Almost three quarters of the people in Zimbabwe live below the poverty line. Many residents want to go abroad to find work there. Many former farm workers had lost their jobs as a result of the expropriation of white farmers. Only some could take over the farms themselves. Many Zimbabweans have now emigrated to South Africa or other countries. The unemployment rate is very high in Zimbabwe. The economic situation continued to deteriorate.
Change of currency
A certain recovery only occurred when the national currency – the Zimbabwean dollar – was exchanged for US dollars, the South African rand and British pounds in 2009 and thus also paid. This got the economy going again. In 2015 the Zimbabwean dollar was abolished entirely.
Unfortunately, only the big companies benefited from money exchange. The smaller ones are still fighting for survival and because of the uncertain situation nobody wants to invest money in Zimbabwe. You don’t know exactly how politics will develop and so the Zimbabweans are left alone with their problems. Many banks in the country cannot lend money to companies because they do not have one themselves.

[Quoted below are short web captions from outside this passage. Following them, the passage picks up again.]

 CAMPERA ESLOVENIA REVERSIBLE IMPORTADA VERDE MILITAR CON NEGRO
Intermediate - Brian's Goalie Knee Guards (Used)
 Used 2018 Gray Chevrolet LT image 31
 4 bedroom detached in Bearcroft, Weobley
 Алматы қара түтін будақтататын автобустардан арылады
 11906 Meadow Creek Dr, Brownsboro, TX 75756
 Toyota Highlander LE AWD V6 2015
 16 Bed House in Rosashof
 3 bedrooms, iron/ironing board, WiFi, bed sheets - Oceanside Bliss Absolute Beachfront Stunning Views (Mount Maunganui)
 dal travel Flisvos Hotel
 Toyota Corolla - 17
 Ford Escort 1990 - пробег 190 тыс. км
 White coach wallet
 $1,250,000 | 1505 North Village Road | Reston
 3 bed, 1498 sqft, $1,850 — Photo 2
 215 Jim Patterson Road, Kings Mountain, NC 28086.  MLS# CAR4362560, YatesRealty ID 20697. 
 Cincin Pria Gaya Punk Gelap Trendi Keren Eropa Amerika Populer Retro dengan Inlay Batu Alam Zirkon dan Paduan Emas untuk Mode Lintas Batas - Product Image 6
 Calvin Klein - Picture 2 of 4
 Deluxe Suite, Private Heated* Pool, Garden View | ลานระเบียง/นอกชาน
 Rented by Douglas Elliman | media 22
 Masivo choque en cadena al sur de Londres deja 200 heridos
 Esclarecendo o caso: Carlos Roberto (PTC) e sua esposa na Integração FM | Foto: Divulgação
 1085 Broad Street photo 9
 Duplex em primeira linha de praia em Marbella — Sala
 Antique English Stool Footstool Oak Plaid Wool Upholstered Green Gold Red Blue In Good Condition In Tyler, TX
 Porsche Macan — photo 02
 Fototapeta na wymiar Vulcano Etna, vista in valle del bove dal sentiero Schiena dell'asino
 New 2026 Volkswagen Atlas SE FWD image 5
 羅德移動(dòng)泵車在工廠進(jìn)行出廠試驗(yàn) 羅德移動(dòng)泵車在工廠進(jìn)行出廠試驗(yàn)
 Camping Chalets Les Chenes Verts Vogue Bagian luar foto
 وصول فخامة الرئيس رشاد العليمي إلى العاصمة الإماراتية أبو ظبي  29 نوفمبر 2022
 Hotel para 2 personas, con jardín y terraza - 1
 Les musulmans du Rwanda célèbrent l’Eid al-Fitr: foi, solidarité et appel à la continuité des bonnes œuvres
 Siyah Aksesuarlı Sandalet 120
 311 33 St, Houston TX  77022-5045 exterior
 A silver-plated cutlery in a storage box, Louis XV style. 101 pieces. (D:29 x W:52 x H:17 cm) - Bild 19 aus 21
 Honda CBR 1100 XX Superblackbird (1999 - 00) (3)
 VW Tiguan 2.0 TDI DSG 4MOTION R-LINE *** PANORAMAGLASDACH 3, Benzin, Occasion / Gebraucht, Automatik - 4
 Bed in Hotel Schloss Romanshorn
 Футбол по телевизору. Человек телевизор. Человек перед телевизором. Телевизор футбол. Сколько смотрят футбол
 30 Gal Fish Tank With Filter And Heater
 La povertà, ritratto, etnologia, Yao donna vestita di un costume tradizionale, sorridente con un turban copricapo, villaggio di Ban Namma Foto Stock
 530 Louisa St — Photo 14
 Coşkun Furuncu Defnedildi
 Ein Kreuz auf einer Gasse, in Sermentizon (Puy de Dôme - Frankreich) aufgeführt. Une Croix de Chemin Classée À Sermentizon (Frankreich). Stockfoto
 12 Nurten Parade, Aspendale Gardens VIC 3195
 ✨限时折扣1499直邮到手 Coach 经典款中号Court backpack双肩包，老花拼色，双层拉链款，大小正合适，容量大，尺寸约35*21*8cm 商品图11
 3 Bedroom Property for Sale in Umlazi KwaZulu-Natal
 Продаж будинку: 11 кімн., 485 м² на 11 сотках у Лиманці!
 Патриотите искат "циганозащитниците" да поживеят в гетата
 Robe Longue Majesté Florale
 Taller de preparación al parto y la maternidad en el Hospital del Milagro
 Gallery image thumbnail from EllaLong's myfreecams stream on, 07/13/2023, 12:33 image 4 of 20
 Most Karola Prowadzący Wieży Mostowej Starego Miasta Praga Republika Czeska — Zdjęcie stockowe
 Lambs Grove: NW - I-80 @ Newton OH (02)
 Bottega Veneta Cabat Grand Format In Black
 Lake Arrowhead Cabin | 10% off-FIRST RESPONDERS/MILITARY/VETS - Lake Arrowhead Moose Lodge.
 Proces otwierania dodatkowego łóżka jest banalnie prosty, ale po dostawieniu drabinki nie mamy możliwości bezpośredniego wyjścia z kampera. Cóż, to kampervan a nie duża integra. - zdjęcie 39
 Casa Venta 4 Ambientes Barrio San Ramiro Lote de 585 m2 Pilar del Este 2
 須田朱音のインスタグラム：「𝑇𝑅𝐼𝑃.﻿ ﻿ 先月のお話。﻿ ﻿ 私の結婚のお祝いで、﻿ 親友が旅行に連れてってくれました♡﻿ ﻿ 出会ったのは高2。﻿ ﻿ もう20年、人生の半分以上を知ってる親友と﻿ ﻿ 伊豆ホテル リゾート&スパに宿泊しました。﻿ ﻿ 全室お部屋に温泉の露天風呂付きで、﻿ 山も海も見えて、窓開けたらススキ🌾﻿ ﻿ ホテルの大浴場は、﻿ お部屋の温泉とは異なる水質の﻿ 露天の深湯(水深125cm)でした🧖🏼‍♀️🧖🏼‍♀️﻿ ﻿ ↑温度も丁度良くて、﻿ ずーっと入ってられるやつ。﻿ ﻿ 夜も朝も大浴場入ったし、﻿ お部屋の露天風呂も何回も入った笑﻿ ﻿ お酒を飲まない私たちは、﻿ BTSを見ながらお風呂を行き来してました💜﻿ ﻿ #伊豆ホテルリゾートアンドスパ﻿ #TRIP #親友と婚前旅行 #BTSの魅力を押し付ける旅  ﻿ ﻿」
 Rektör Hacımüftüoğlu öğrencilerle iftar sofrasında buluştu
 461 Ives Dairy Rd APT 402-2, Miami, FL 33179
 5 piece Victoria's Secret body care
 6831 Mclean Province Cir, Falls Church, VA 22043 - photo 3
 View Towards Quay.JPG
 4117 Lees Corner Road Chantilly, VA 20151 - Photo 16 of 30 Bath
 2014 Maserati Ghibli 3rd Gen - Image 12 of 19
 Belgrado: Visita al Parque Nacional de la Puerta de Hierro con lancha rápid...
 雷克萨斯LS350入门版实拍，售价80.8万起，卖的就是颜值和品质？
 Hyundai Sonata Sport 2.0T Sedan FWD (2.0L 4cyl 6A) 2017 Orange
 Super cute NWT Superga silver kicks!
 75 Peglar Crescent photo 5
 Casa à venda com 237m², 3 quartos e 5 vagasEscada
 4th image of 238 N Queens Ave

Why is China interested in Zimbabwe?
China is now very interested in Zimbabwe. Why this? Zimbabwe has the second largest platinum deposits in the world. China is also an important customer for tobacco. In return, China is supplying Zimbabwe with machines for agriculture, with weapons and also provides loans.
Eating in Zimbabwe
A porridge called Sadza
As in most African countries, there is a very typical dish in Zimbabwe. It is called Sadza in the language of the Shona. The Ndebele call it Isitshwala. In any case, it is a porridge made from cornmeal and which many Zimbabweans eat as their staple food. There can be a variety of dishes. In addition to vegetables and meat, fish, yoghurt or mopane caterpillars also taste good with Sadza. In Namibia this maize porridge is called Pap and in Malawi and Zambia it is called Nsima. For more articles on Zimbabwe and Africa, please visit a2zgov.
Right hand and left hand: a difference in Africa!
By the way, Africans like to eat this porridge with their hands. If you use your hands, then only your right, because using your left hand is not hygienic. Hands are washed before eating.
The Zimbabweans take some of the pulp and form a small ball with a hole pressed in the middle. This hole takes on the function of a spoon and you then eat the vegetables often served with the sadza in a stew. Zimbabweans like to offer this vegetable stew with meat on festive days. This is mostly poultry or pork.
Vegetables for personal use
Unfortunately, agriculture in Zimbabwe is no longer as diverse as it was a few years ago. The residents still grow vegetables for their own use, but they have to import a lot from abroad. That is often too expensive for poor people.
The food has to fill people first and foremost in order for them to survive. There are also fruits, but these are intended for export and are less likely to be served by the residents.
And what else do Zimbabweans like?
For breakfast there is often a porridge, the bota. Like Sadza, it is stirred from corn flour, but it is thinner and is often sweetened with peanut butter or jam. Sadza is there for lunch and dinner. The custom of drinking tea in the afternoon dates back to the British.
Biltong is also popular. These are salted and dried strips of meat. Most of the meat comes from beef or game. Rice, noodles and potatoes in the form of fries are also on the table in Zimbabwe.